Re: OONSTD: Element Ordering 2D Arrays

Theodore Papadopoulo (Theodore.Papadopoulo@sophia.inria.fr)
Thu, 09 Jul 1998 18:46:04 +0200

> > If you are concerned with efficiency (I am) add one precomputed M-length
> > vector of pointers (at timeof construction) to avoid any runtime overhead.
>
> Wouldn't the extra memory access take far longer than a multiply?
> Especially since the array pointer and N would be adjacent in memory
> (since they are in the same object) while the vector of pointers would be
> dynamically allocated?

This is something that I have heard many times without ever
being really convinced. To me multiplication takes (well at least two
or three years ago) at least four clock cycles whereas addition or
memory accesses take 1. This is/was quite general.

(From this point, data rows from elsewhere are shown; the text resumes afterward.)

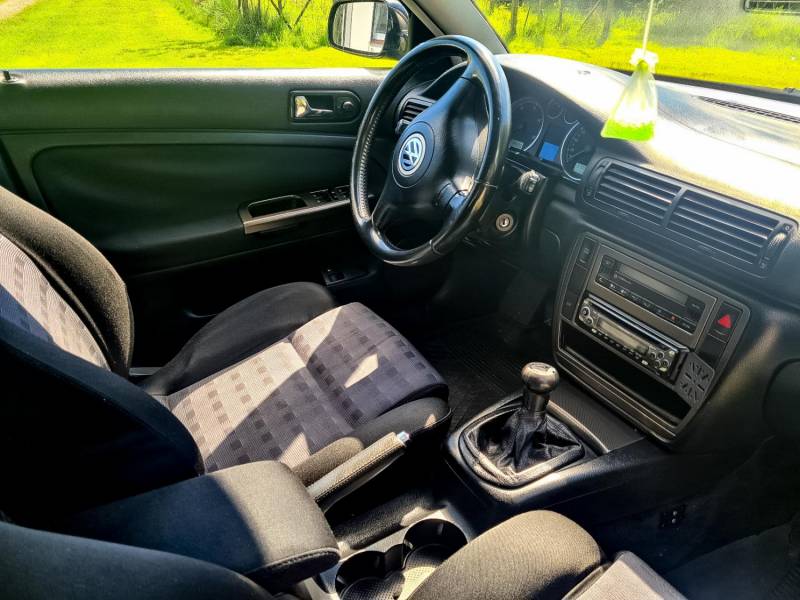 ox_vw-passat-19-td-2002-r-6-bieg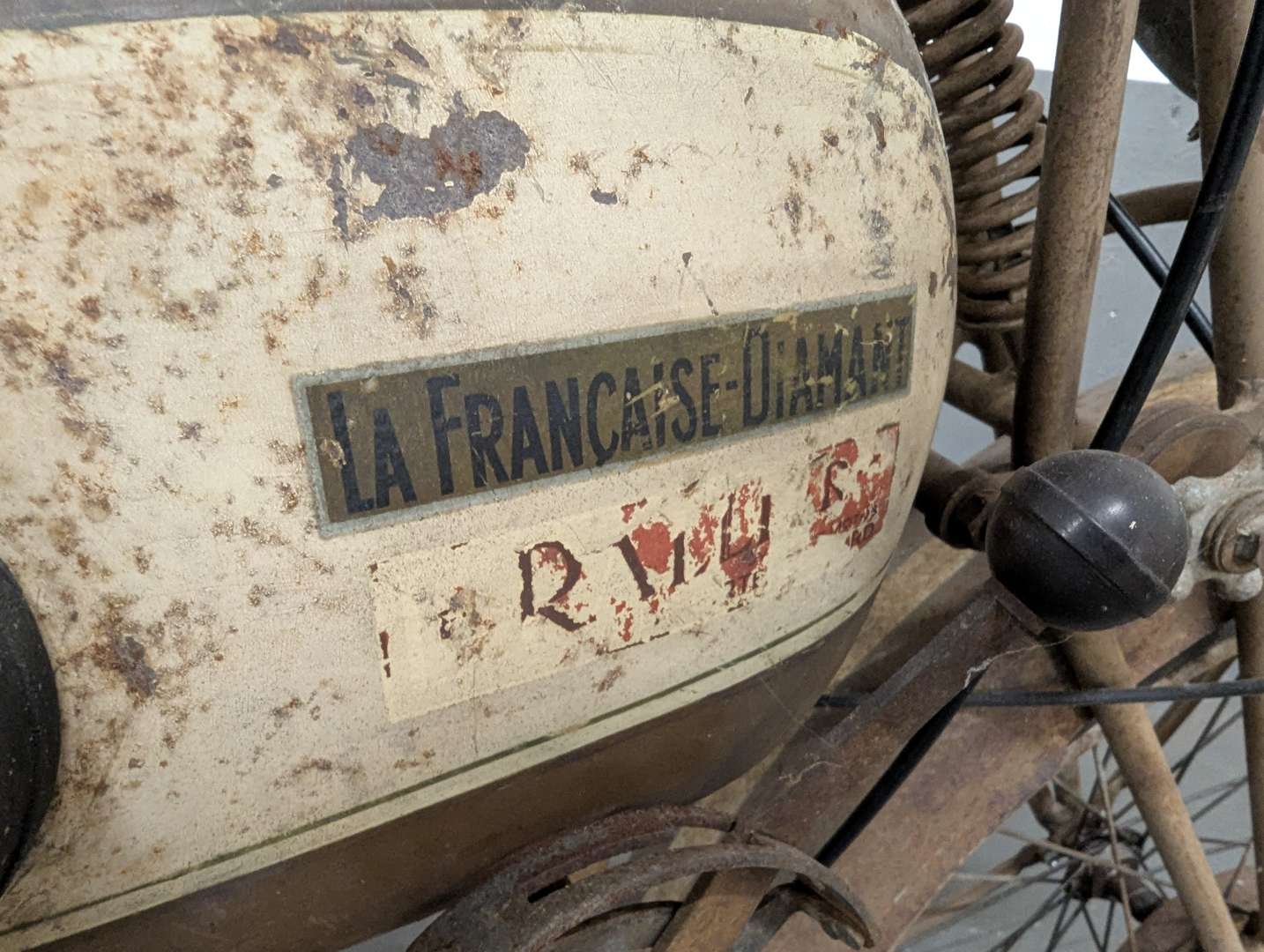 <p>LA-FRANCAISE DIAMANT</p>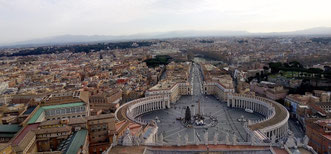Вид на Рим с купола собора св. Петра,фото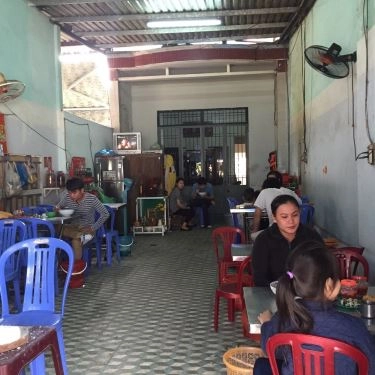 Không gian- Quán Ăn Bánh Canh Huế - Nguyễn Huy Tưởng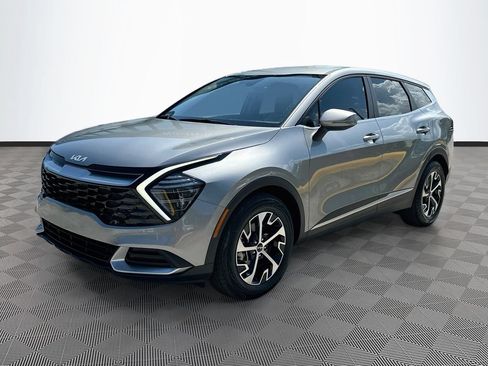 Used 2024 Kia Sportage EX FWD image 3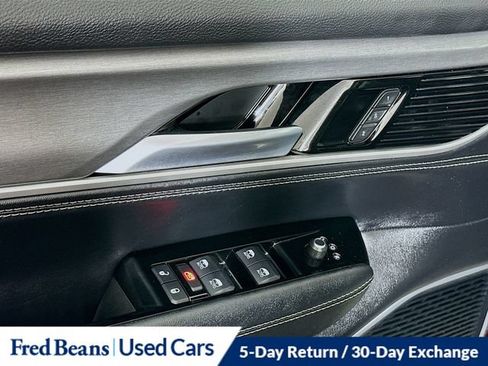 Used 2025 Jeep Wagoneer Series II w/ Premium Group I AWD/4WD image 25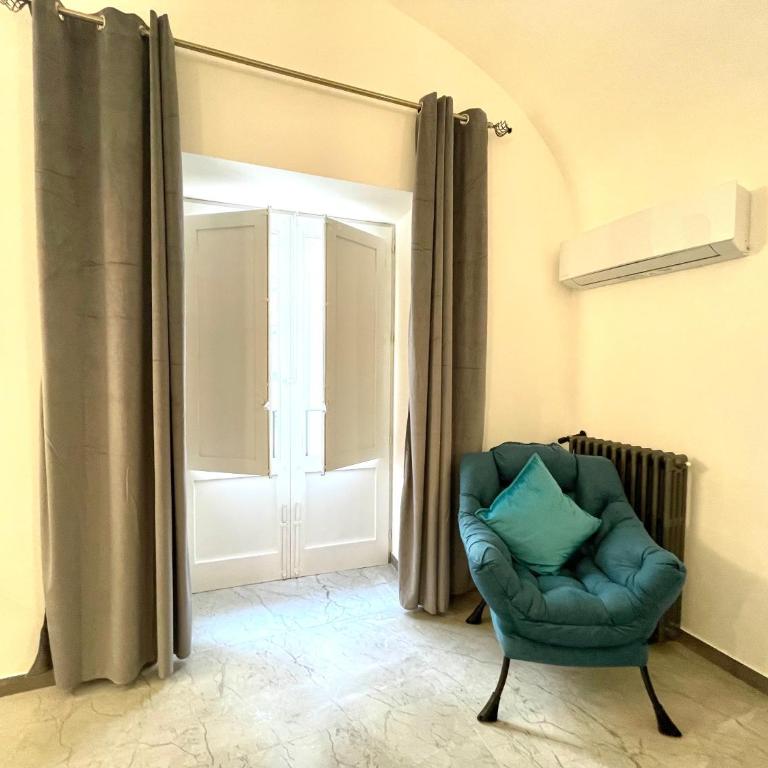 Nel Cuore di Palermo Isidoro Palace - Appartamento con 1 Camera da Letto e Balcone - 4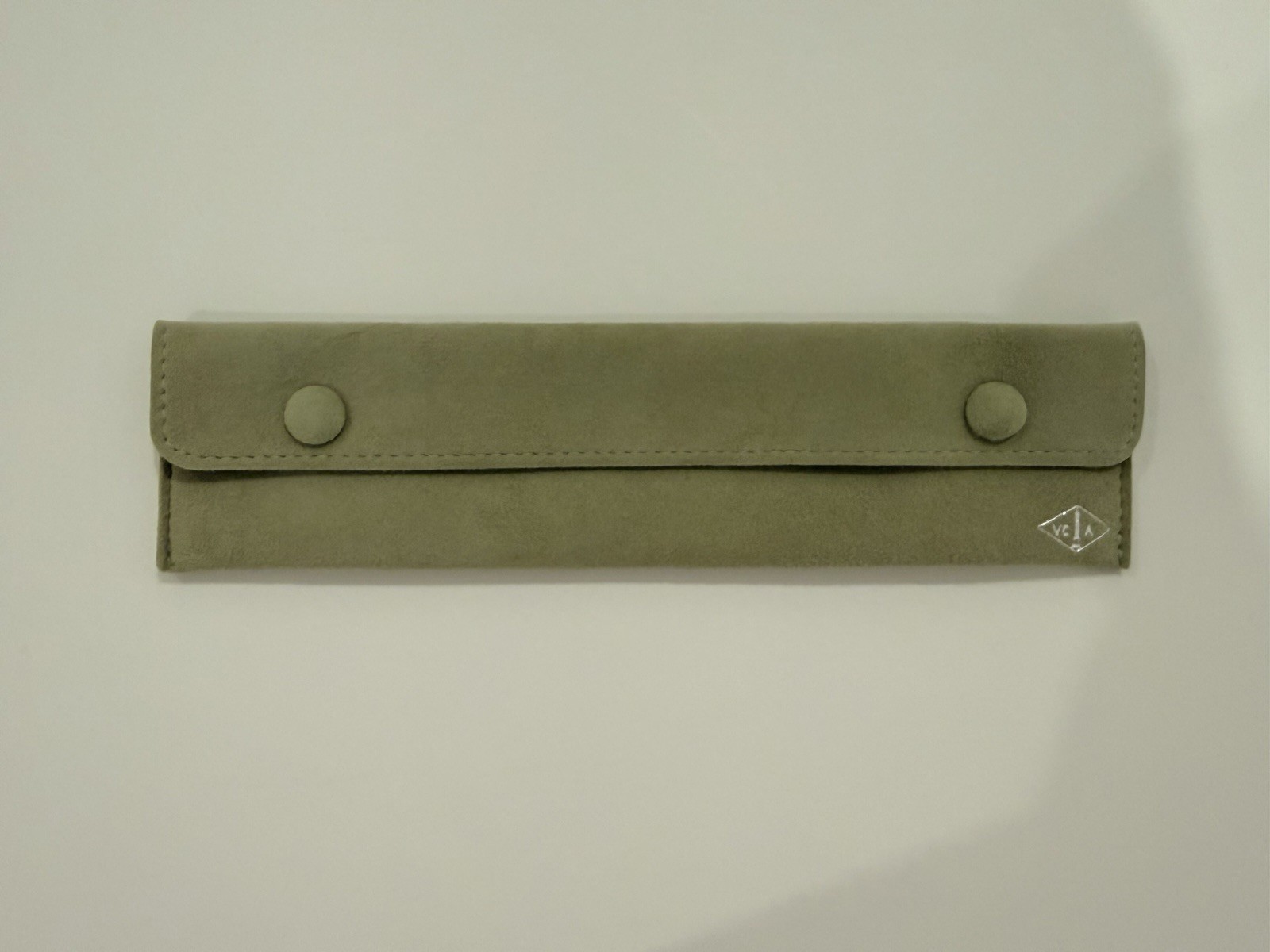 Van Cleef & Arpels BRAND NEW Signature Green Suede Bracelet Jewelry Pouch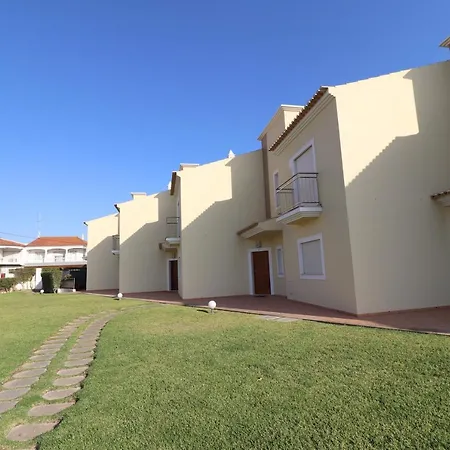 Feriehus 3-bed Townhouse With Pool In Balaia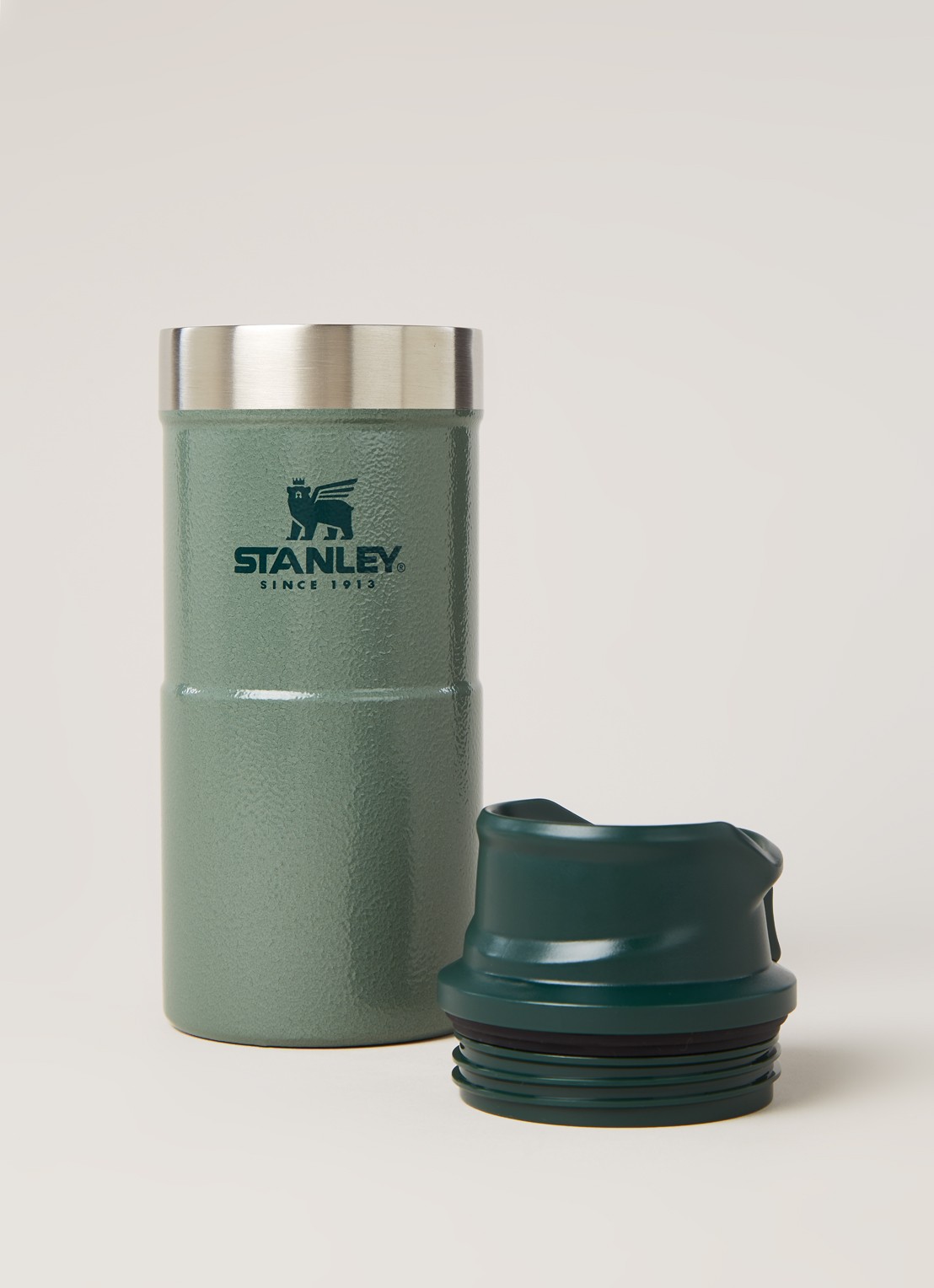 Stanley The Trigger-Action Travel Mug thermosbeker 35 cl - detail legergroen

Of course, this is true only if the memory block is in the cache but
one could expect this to be true as the vector of pointers will be
accessed each time a array element is read or written.

On the other hand, I have seen an argument about aliasing problems
introduced by the vector of pointer technique that was reasonnably
convincing even thought I'm not quite sure that if it is related to
compilers or to the standard for C and C++ (for example egcs alias
analysis improved quite a lot recently at the only cost of forbidding
thing like * (int *) &d = 1234; where d is a double).

Obviously this may vary with compilers and processors...

Does anyone have more insight in the problem ?

Sorry, all this is slightly out of the topic of the mailing list...

Theo.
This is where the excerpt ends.